二枚のガラガラ玄関といい古さを感じる(翌日撮影)
同泊者はやっぱり建設業?っぽい人ばかり
 部屋について濡れた着衣を脱ぎ、乾かそうにも暖房がない。電熱式?のヒーターのようなものが置いてあるだけだったが、3月までしか使えないと書いてあった。うーぬ、これじゃ乾かしようがないな…。仕方がないので、とりあえず部屋中に干せるだけ干してみる。

 最悪だったのは、鞄の中だった。防水バックとして買った今回のダッフルバッグ。どうやら完全防水ではないようで、チャック部分からかなりの浸水をしていたようだ。(目の細かいチャックだったから大丈夫かと勝手に思い込んでいたが…) お陰で中の着替えがびしょ濡れ。キャンプ用具ももちろんびしょ濡れになっていた。ヤバイ。これ全部一晩で乾かせそうにないぞ…。

 徒歩圏に、旅人用?のホテルがあるとの情報は得ていたので、そこで洗濯がてら乾燥機を使うことにした。なんなら温泉もあるようなので風呂も入ってしまおう。(泊まった宿の風呂は沸かしだった) ジャージに着替えて洗濯物を抱え、雨の中を歩いていく。

 メガネが可愛らしいギャル風のフロント嬢に事情を話し、中に通してもらう。洗濯機を回し、乾燥機も回しまくっている間に風呂に入る。入浴料は500円だったかな。洗濯機、乾燥機ともに数百円で利用できた。何気にコインランドリーを使うのは初めてだったりする。(笑) 一通り作業を終え、帰り際に先のギャル子と雑談するが収入はなし。何かしら情報が得られればと思ったんだけどなぁ。(決してナンパではありません)

 着衣と自分の洗濯、そして電気機器の充電が済んだら宿へと戻る。途中、ベスト電器(地方に多い量販電気店)があったので、ドライヤーを購入。乾ききらなかったものは、部屋でドライヤーで乾かすことにした。苦肉の策だね。

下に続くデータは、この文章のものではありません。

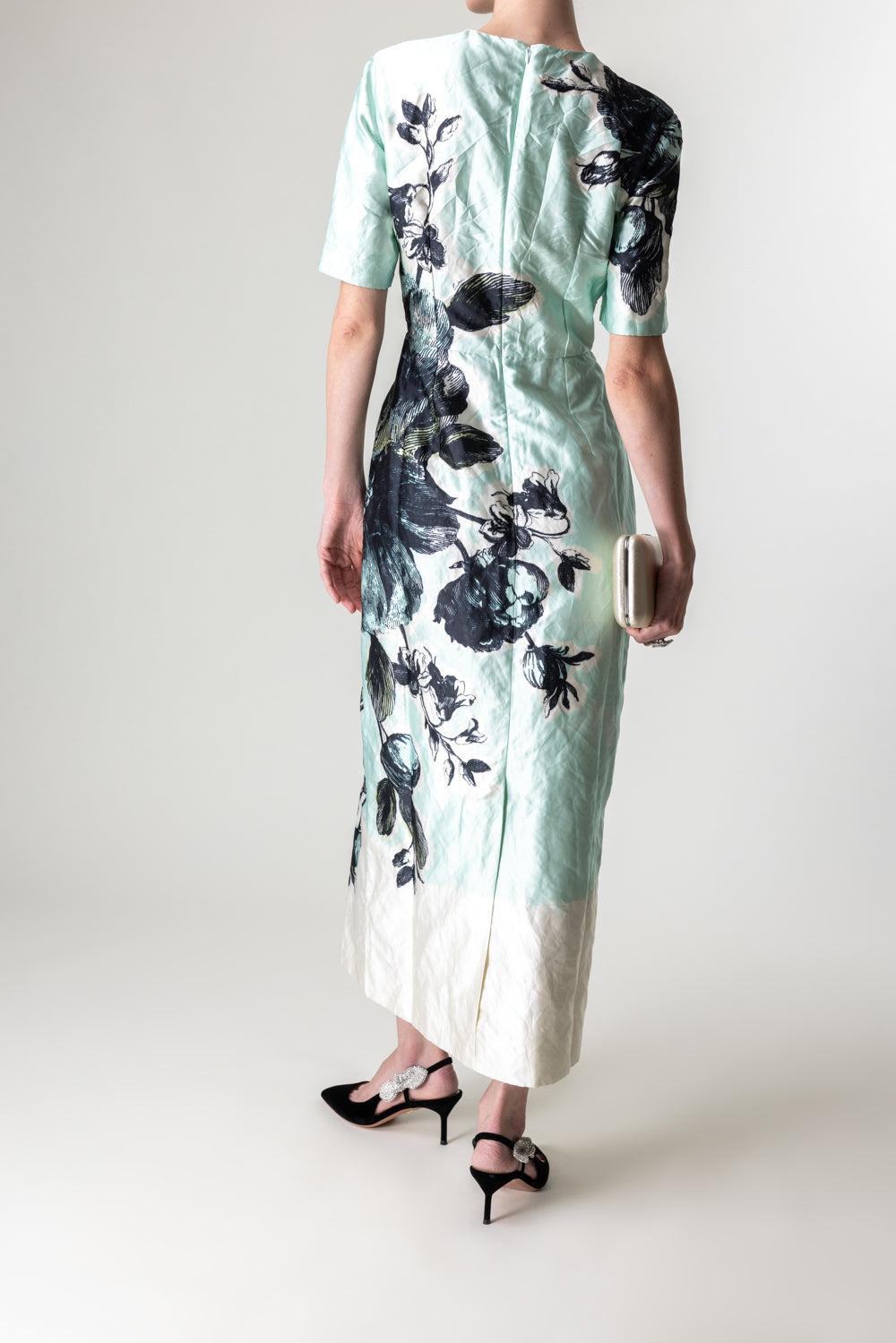 Short Sleeve Midi Shirt Dress-VETCDKEG-4-CLOTHINGDRESSCOCKTAIL-ERDEM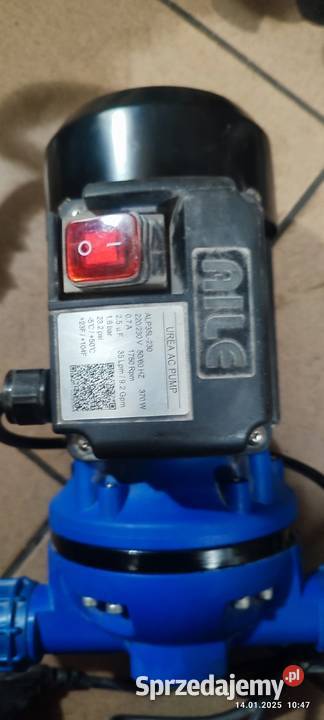 AILE ALP35L230V pompa chemiczna z membraną Dobre Miasto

 宿に戻ると、夕食に呼ばれる。食堂に入ると、意外と言っては失礼だが割と豪華な夕食が並んでいた。なんでもこの宿、隣りが食堂として経営しており、食事の充実っぷりは口コミでも好評だったようだ。もちろん感謝して食べる。お櫃に沢山入ったあったかいご飯を無駄に頬張ったのは言うまでもない。(笑) ご馳走様でございます。


白身魚のフライ、麻婆豆腐、ナスとネギの煮物に刺身
アサリの味噌汁がなぜかとても美味しかった
 部屋に戻ると早速乾燥開始。延々ドライヤーで乾かし続け、ほとんどのものが仕舞えるレベルになった。ふぅ、これでようやく眠りにつける。全く持って散々な一日だった。明日は予報では雨ではないらしい。今日これだけしか走れなかった悔しさを、全部ぶつけてやんぜ!

 連日の雨でページが波打つツーリングマップルを眺め、じっくり明日のルートを考える。例によって朝食は30分早めてもらう。明日は朝食抜きでもいいくらいだけど、折角出してくれるので有難く頂くことにする。(値段的には大概変わらない) 隣の部屋のオヤジの話し声が丸聞こえなのはご愛嬌。(壁が薄すぎる!(笑)) 誰かが廊下を歩く音が地鳴りのようだ!(建物が古すぎる!(笑)) が、風雨が凌げるだけでも有難いんだ。大自然に揉まれると人は謙虚になります。(笑)

 天気が天気だっただけに画像が少なくて申し訳ない。文字だらけのレポートは、読み手も書き手も楽じゃないね。(笑) 最後まで読んでくれてありがとう。明日は今旅中、一番気合の入った観光になるハズだぜ。